Continuó rellenando tuppers con cuidado de no quemarse las manos, emparejando cada uno de los letreritos que había escrito en el salón mientras veía el telediario. Algunos de los cartoncitos tenían pequeños garabatos, borrones. Se ve que todavía utilizaba los bolígrafos de propaganda que nadie sabe de dónde salen. Esos que de repente dejan de funcionar a mitad de la frase y te obligan a emborronar con un garabato toda la hoja para que vuelvan a pintar.
Cocido, con su tapadera. Carrillada, su tapadera. Carne en salsa, la suya. No debía ser difícil, todos estaban contados. A cada recipiente le correspondía su contenido. Y a cada contenido, su tapadera.
Apretaba
cuidadosamente el borde rizado sobre el cartón, deslizando el pulgar a lo largo
de toda la circunferencia para dejar el bote lo más herméticamente cerrado que
pudiera. Aunque los iba a congelar, en el largo viaje en tren podía salirse
algo de salsa y llenar –quien sabe- alguna ropa nueva que se hubiera comprado
en Ronda. A veces, de tanto achuchar, terminaba metiendo el dedo al interior,
quemándose –aunque poquita cosa- la yema del dedo índice.

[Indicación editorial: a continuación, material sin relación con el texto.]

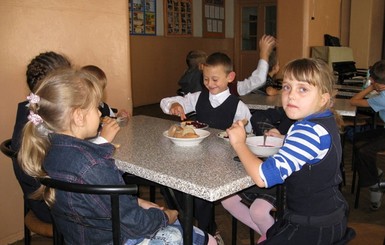 В Киеве выделят 300 миллионов на питание детей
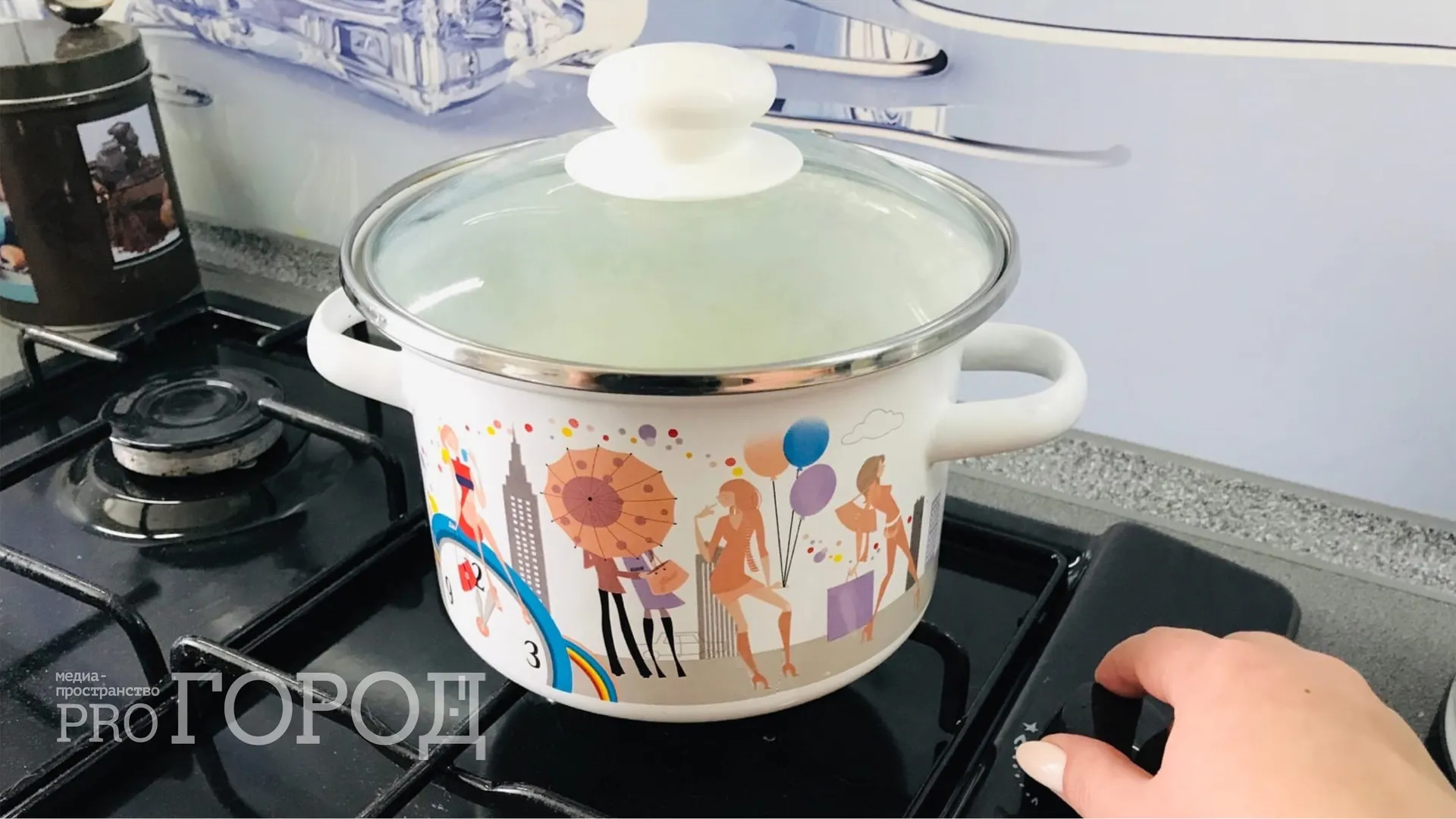 Этот суп можно готовить все лето: получается освежающе и вкуснее, чем окрошка — любят и взрослые, и дети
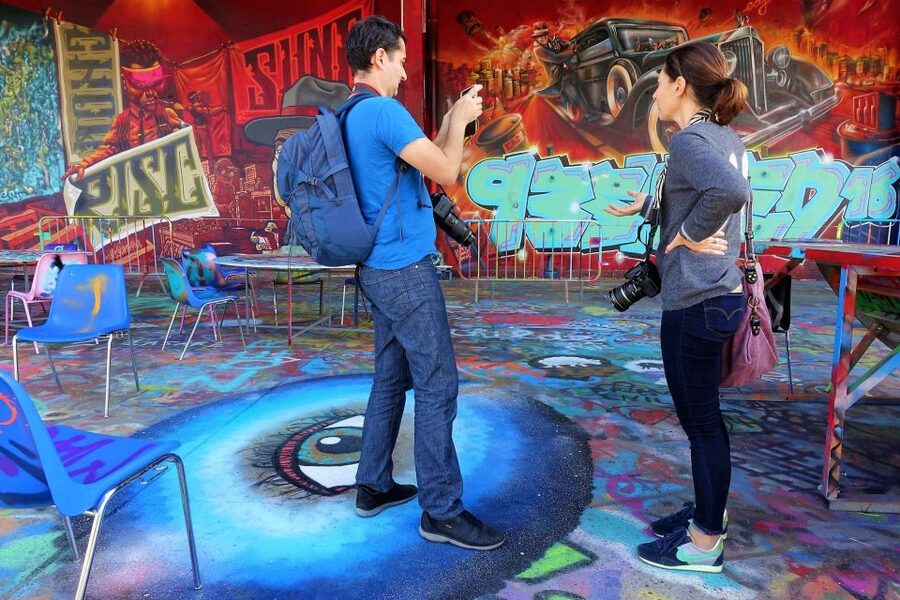 Paris: Street Art Open-Air Museum Bike Tour - Starting point near Hôtel de Ville: getting to the bikes fast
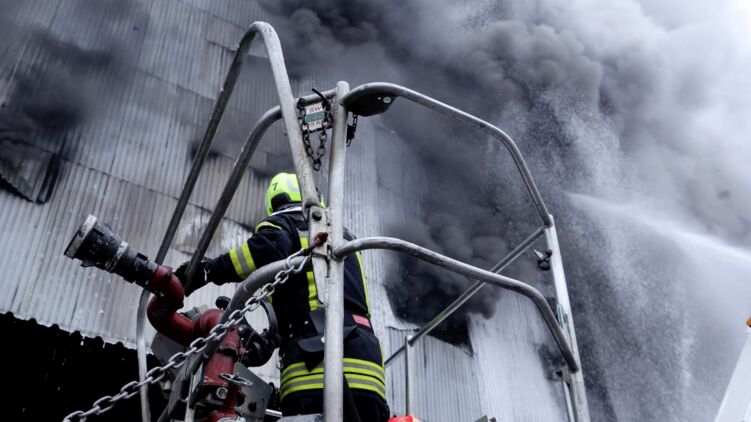 Последствия удара по Киеву. Фото: ГСЧС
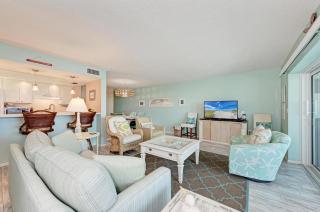 Sunset Beach 102: Gulf Front, Stunning Views, On the Beach, Pool by Anna Maria Life Vacation Rentals - 3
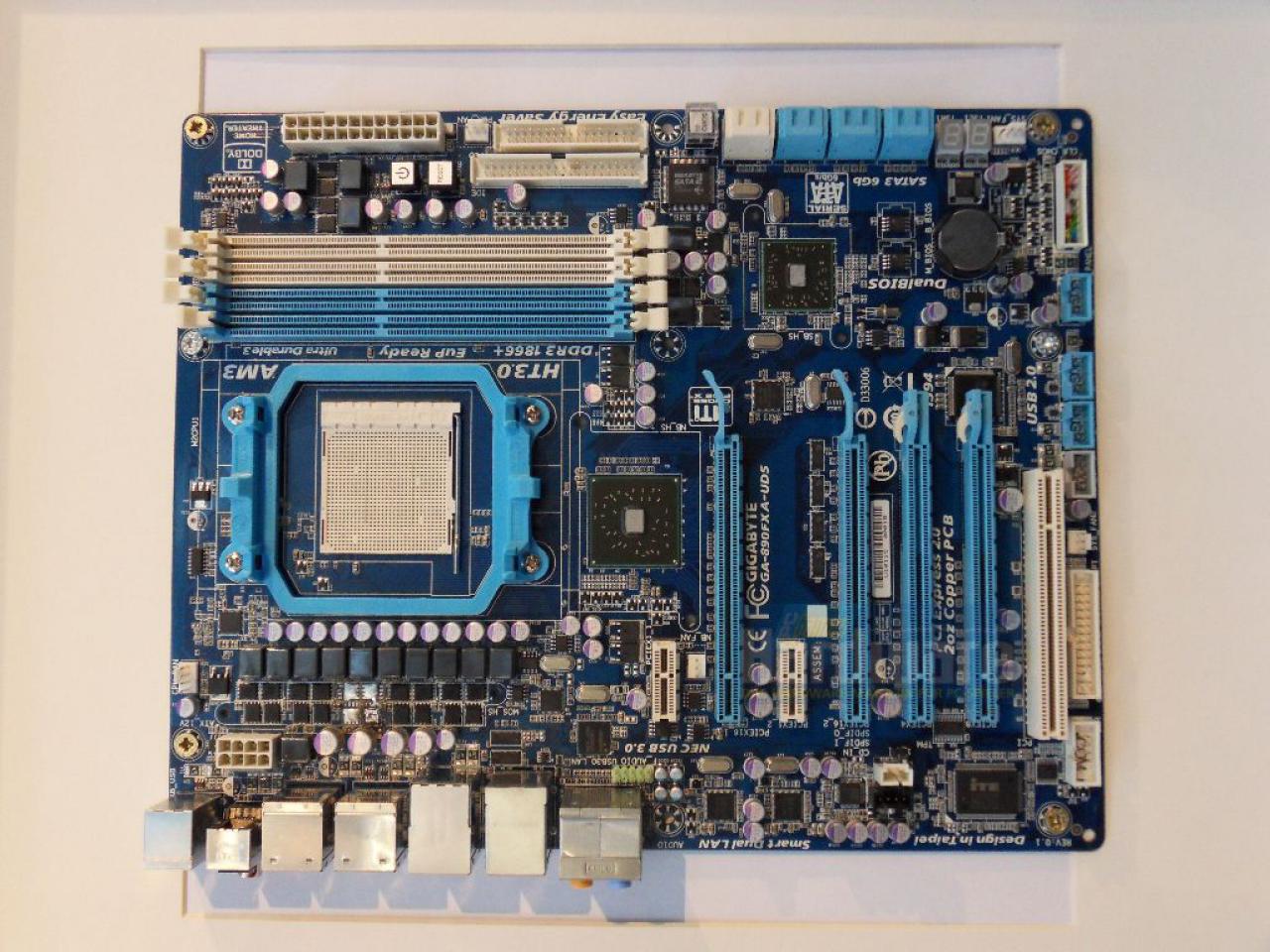 [01/03/2010] Gigabyte 890FXA-UD5 01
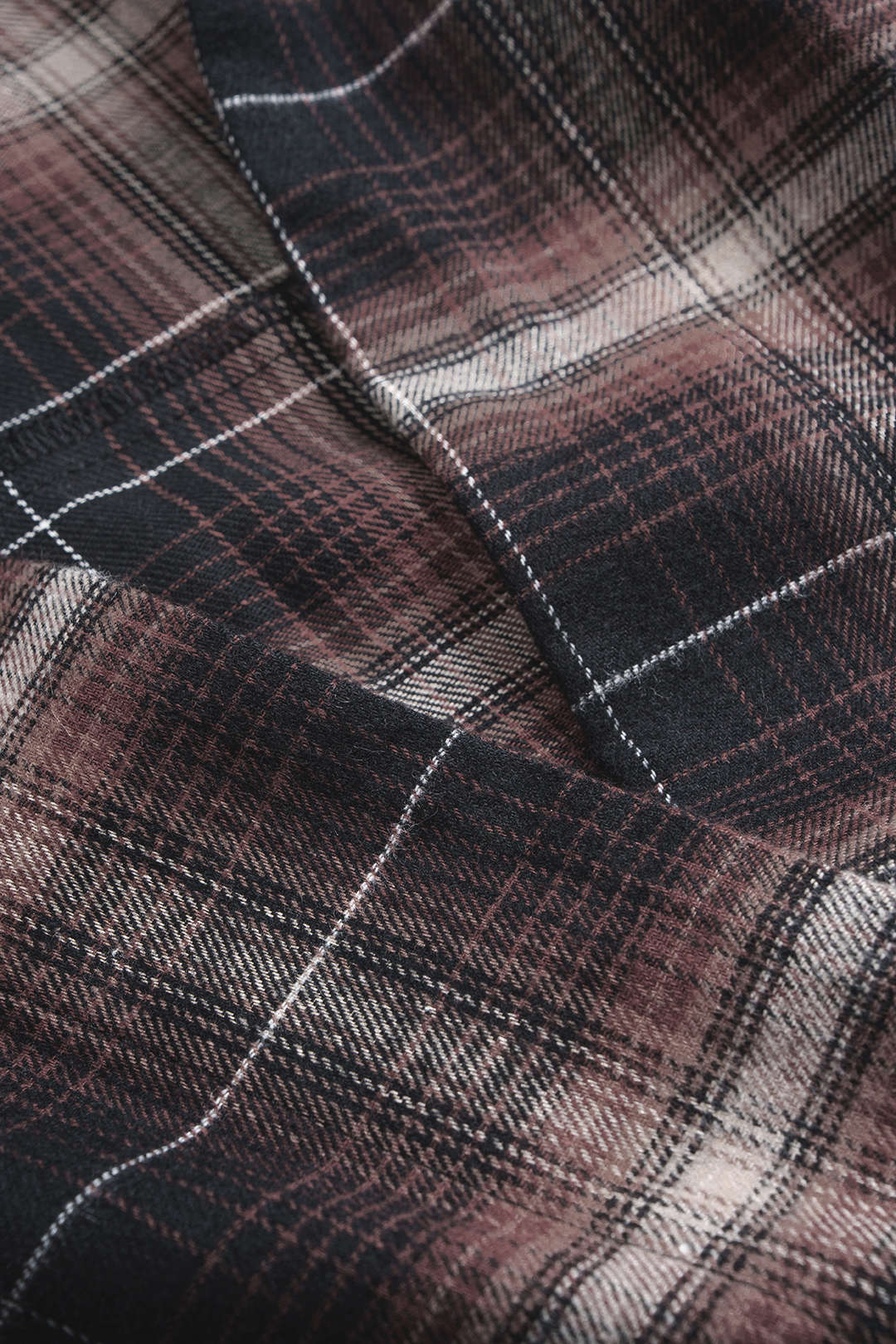 Plaid Print Button Long-Sleeve Shirt - Image 3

Conforme los guardaba en el congelador, se imaginaba a la niña –o al niño- abriendo uno cualquiera para solventar una comida que no tuvo tiempo de preparar, o una cena tardía de cuando todos los supermercados ya cerraron. Le gustaba imaginárselos sonrientes, acercando la nariz al plato y volviéndose a sentir niños de olores, de uniforme en el cole y cuchara agarrada con el puño que casi no cabe en la boca.
Todos
los platos de lentejas llevan su pedacito de morcilla. Del chorizo calculó mal
el corte y no le salió para repartir. “Da igual, así cambia de vez en cuando de
sabores, que en cuanto se acostumbra aborrece los platos y ya no los quiere”.
Desde luego, las lentejas no son para la noche. Con lo pesada que se le hace la
digestión, dormirá fatal y al día siguiente llegará cansado a la universidad.
Se dice a sí misma que debía habérselo escrito sobre el tupper. Algo así como
“lentejas, para comer”. Obviamente las lentejas eran para comérselas, así que tendría
que ponerle otra cosa como “sólo para la cena”. Él obedecería, siempre le hacía
caso.
Para cenar era mejor la carne en salsa, o las albóndigas. Hacía muchos años, ella misma le ponía unas pocas albóndigas troceadas con patatas fritas por la noche. Siempre rebañaba y rebañaba hasta dejar el plato reluciente; lo llevaba a la cocina y le decía “mirá, pa que no tengas que fregá”.
El niño llegó a buscar los tuppers el domingo a última hora. Sin ningún cuidado, los metió en una bolsa cualquiera y casi los tiró a su mochila antes de salir corriendo. En el viaje todo el vagón olía a cocido y pringá, por su falta de cuidado.
A los pocos días, sucedió que una desconocida paró por su casa quién sabe en busca de qué iba, si la llevó la curiosidad o estaba de paso. Él no tenía mucho –no tenía nada- que darle de comer, hasta que recordó el puñao de recursos que tenía en el congelador. Sacó uno al azar y leyó para sí: “lentejas, echarle una poquita de agua para calentarlas”.
Él sonrió, puso agua. Y las compartió con ella.